Provide rigorous analysis and communicate it in a way that complements and advances decision-making. For example, we worked with a global, fast moving consumer goods organization on an initiative to deliver better business understanding and better storytelling within its finance teams to drive stronger partnerships with the business. This approach brought together different elements, such as how the business creates value, how to leverage data to create insights and communicate those effectively, and how to build empathy with internal customers to ask better questions and be stronger partners. - Take ownership of helping the rest of the organization understand the basics of finance.
Provide the organization with education on the fundamentals of the business model, how the business creates value, and how KPIs are impacted through their decisions.

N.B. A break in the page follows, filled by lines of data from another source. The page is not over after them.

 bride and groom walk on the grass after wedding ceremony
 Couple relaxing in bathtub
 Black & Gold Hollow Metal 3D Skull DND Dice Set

This enables those making critical business decisions to understand the trade-offs and implications of their choices and adapt as the business and market evolve.
For example, a leading software company’s CFO and finance leadership team partnered with us to use simulations across every level and function of the business to educate employees about the fundamentals of the SaaS model and how their choices impact customers, other parts of the business, and critical KPIs. This led to an aligned understanding across the business that speeds and improves decision-making.
It’s at this intersection — finance teams understanding and influencing the business, and the business understanding finance and the business model — that organizations are finding ways to more efficiently execute their strategies and remain nimble in doing so.